**About this task**
Using the data below, return word for word every line from the one holding "Night Light Nightlight" down to the one holding "ARAS brand logo". Leave pictures out.
[Exercise data — start]
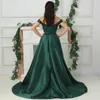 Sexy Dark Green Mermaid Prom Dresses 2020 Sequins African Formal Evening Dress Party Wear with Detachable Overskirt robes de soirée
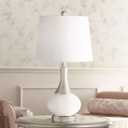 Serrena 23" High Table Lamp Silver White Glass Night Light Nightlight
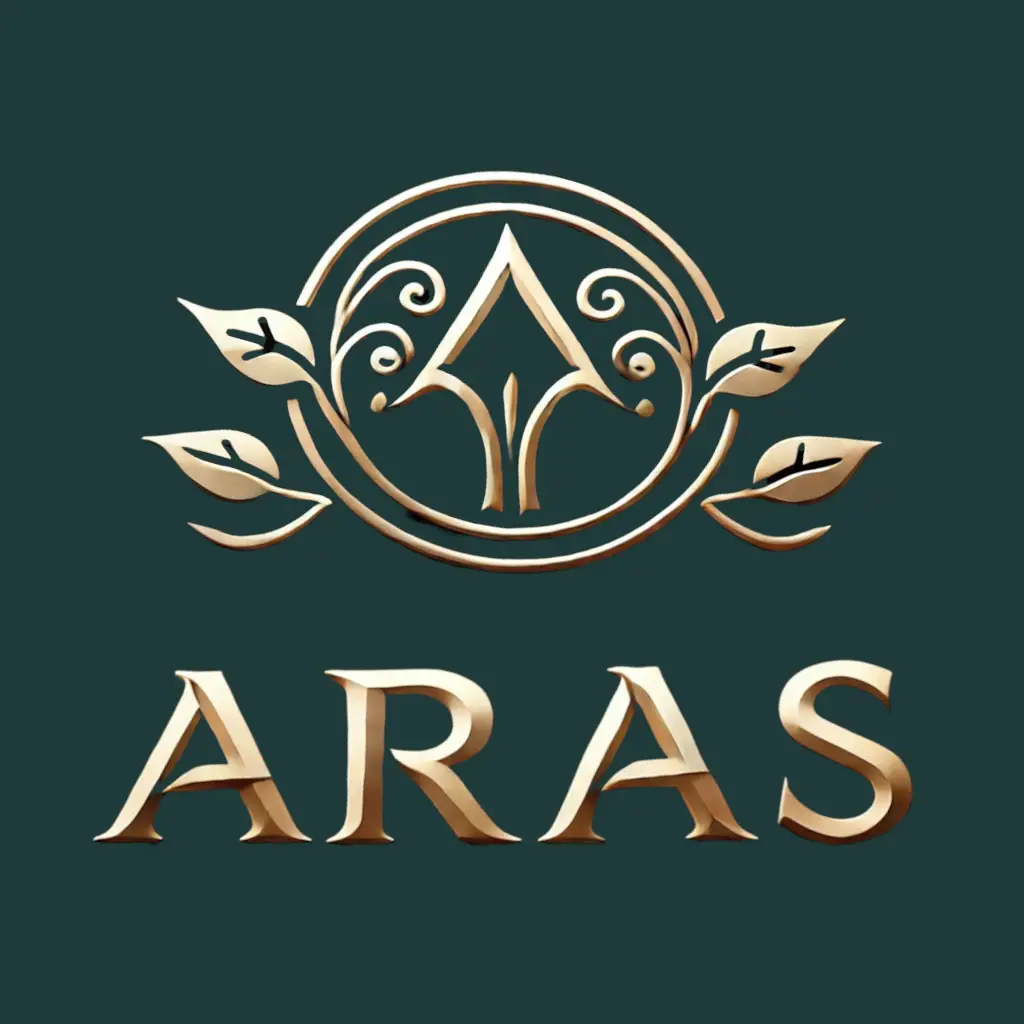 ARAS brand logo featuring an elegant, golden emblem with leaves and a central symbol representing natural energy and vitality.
[Exercise data — finish]
[Exercise data — start]
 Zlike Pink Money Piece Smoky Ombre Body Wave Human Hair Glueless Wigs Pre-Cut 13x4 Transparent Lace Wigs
[Exercise data — finish]
[Exercise data — start]
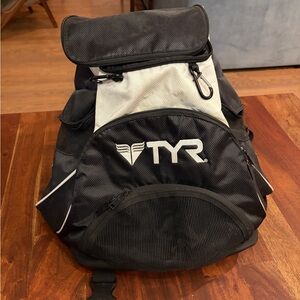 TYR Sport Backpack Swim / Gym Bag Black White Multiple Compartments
[Exercise data — finish]
**Solution to this problem**
 Serrena 23" High Table Lamp Silver White Glass Night Light Nightlight
 ARAS brand logo featuring an elegant, golden emblem with leaves and a central symbol representing natural energy and vitality.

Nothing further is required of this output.